Gary Thomas Brown, Brown & Simons, L.L.P., Washington, DC, for Plaintiff.

John E. Lutes, Fairfax Station, VA, Pro se.

Eric Mark Jaffe, U.S. Attorney's Office, Washington, DC, for Defendant.

MEMORANDUM OPINION

KESSLER, District Judge.

This matter comes before the Court upon Defendant's Motion for Summary Judgment [# 35], Plaintiff's Motion for Partial Summary Judgment [# 46], and Defendant's Motion to Dismiss Second Amended Complaint, or, in the Alternative, for Summary Judgment [# 78]. Plaintiff, John E. Lutes, brings this action alleging discrimination on the basis of race and sex in violation of Title VII of the Civil Rights Act of 1964, 42 U.S.C. § 2000e et seq., and on the basis of age in violation of the Age Discrimination in Employment Act ("ADEA"), 29 U.S.C. § 621 et seq. Plaintiff further alleges retaliation in violation of Title VII and the ADEA, as well as infringement upon his constitutional right to equal protection. Upon consideration of the parties' submissions and the entire record herein, for the reasons set forth below, Defendant's Motion for Summary Judgment is granted; Plaintiff's Motion for Partial Summary Judgment is denied; and Defendant's Motion to Dismiss Second Amended Complaint, or, in the Alternative, for Summary Judgment is granted.

I. Background1
A. Plaintiff's Employment History

Plaintiff, a fifty-four year old Caucasian male, was hired in October 1989 as an Aerospace Engineer in the Office of Aeronautics and Space Transportation, Code R Division, at the National Aeronautics and Space Administration ("NASA"). He was initially assigned a GS-14 classification. In October 1990, Plaintiff received a performance rating of "Outstanding". He received a slightly lower rating of "Highly Successful" in November 1991. In November 1992, Plaintiff received an even lower rating of "Fully Successful", well below the rating he expected. His performance ratings then rose to "Highly Successful" again in October 1993 and August 1994. Throughout his service with NASA, Plaintiff received various awards and recognitions.

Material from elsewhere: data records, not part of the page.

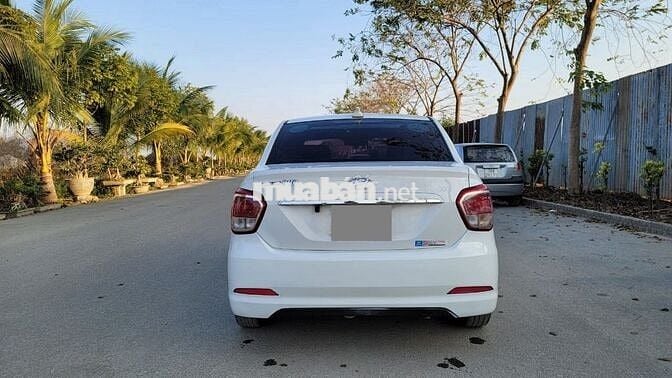 Hyundai Grand I10 số sàn 2017 màu trắng sedan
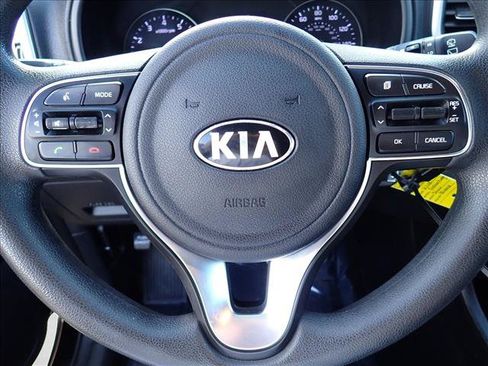 Used 2018 Kia Sportage LX AWD/4WD image 14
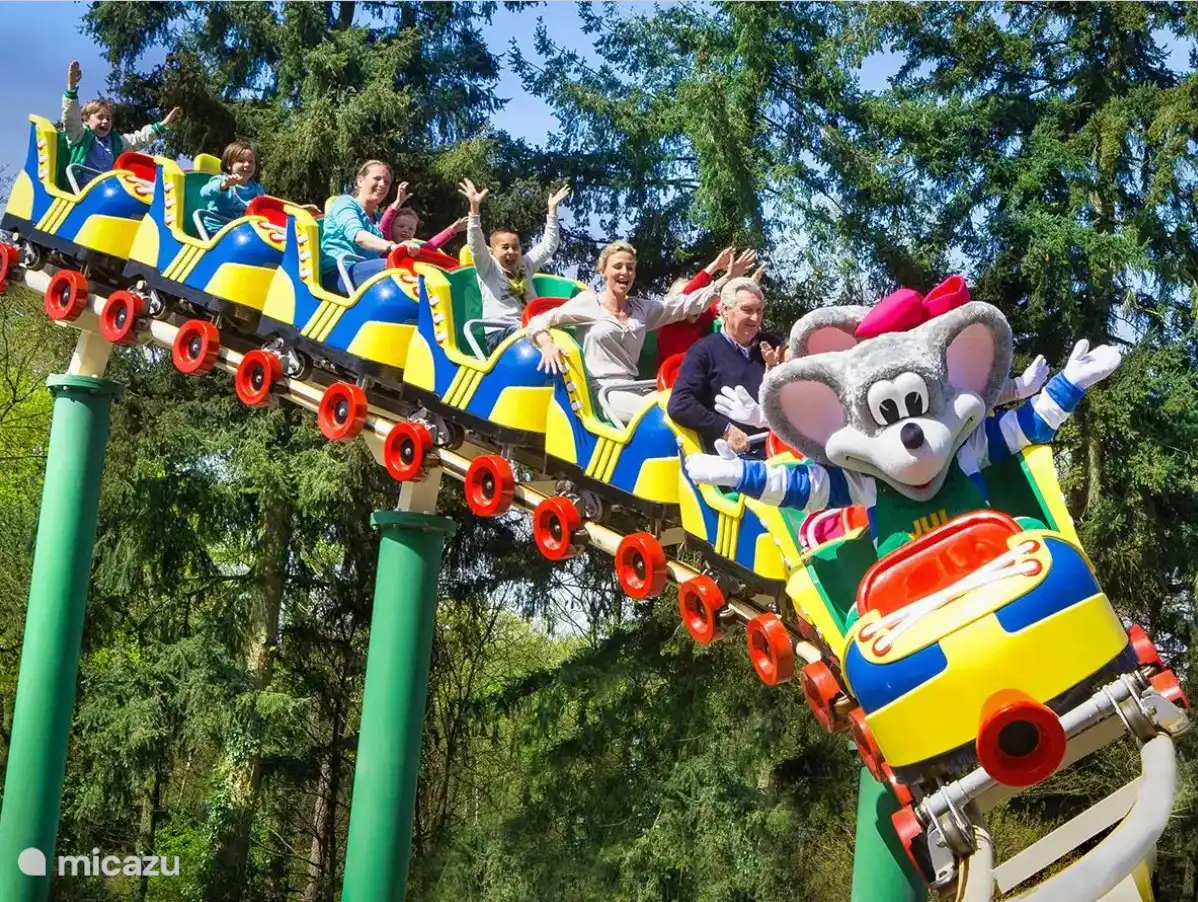 Entdecken Sie das einzigartige De Veluwe und besuchen Sie den Vergnügungspark Julianatoren. Spaß für Groß und Klein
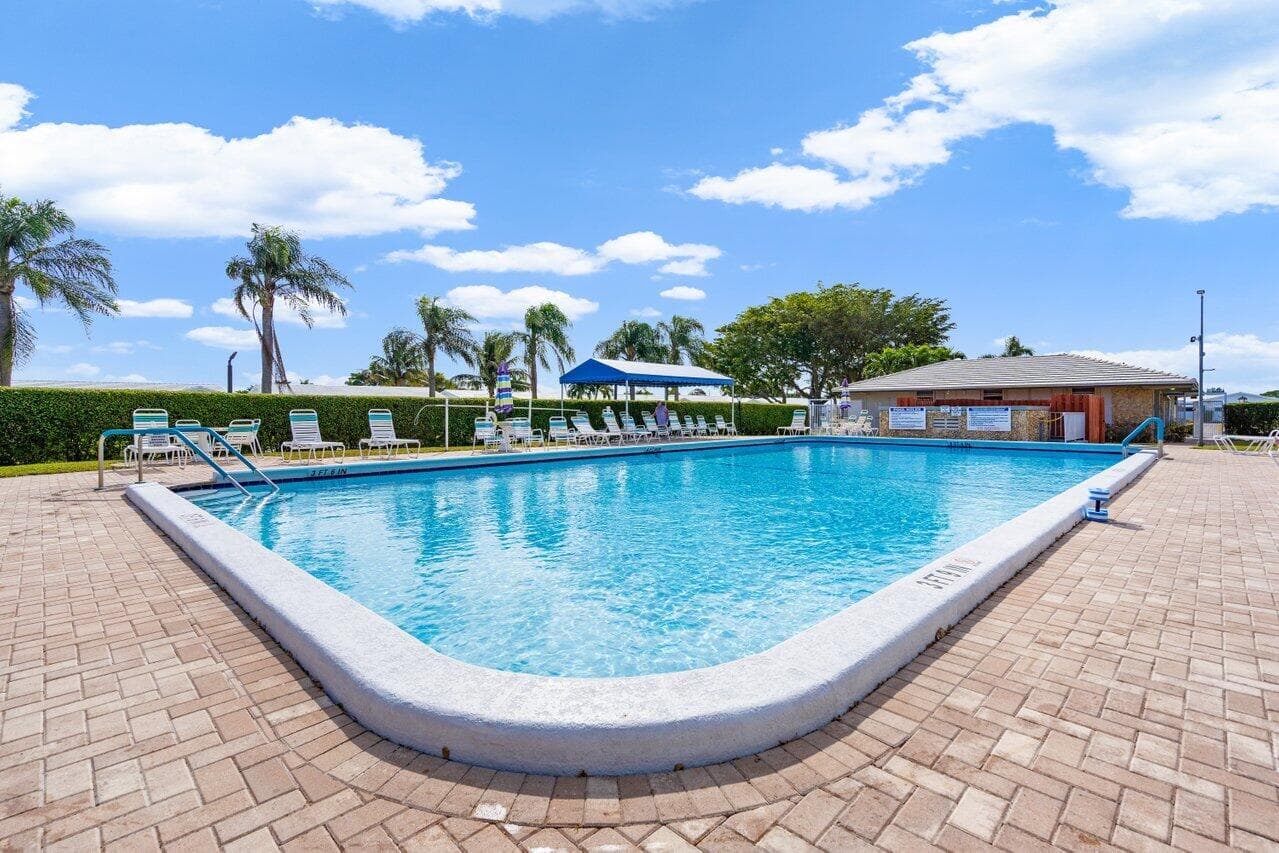 1117 Lake Terrace 207, Boynton Beach, FL 33426 29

B. Plaintiff's Efforts at Promotion2

Plaintiff was hired into his current GS-14 position at full performance level with no promotion potential except through certain designated processes.3 The only procedure for advancing beyond a full performance level position is 1) to separately apply for a vacant position at the next performance level, or 2) to request a review by a Performance Review Board ("PRB") or a desk audit to determine whether an increase in a position's duties supports reclassification at a higher performance level.

In 1990, Plaintiff's then supervisor, Jack Levine, allegedly promised Plaintiff that he would be promoted to a GS-15 position in late 1991. That promotion never took place. Plaintiff conceded in deposition that the denial of promotion by Levine had nothing to do with his race or gender. Def.'s Ex. 6 at 68.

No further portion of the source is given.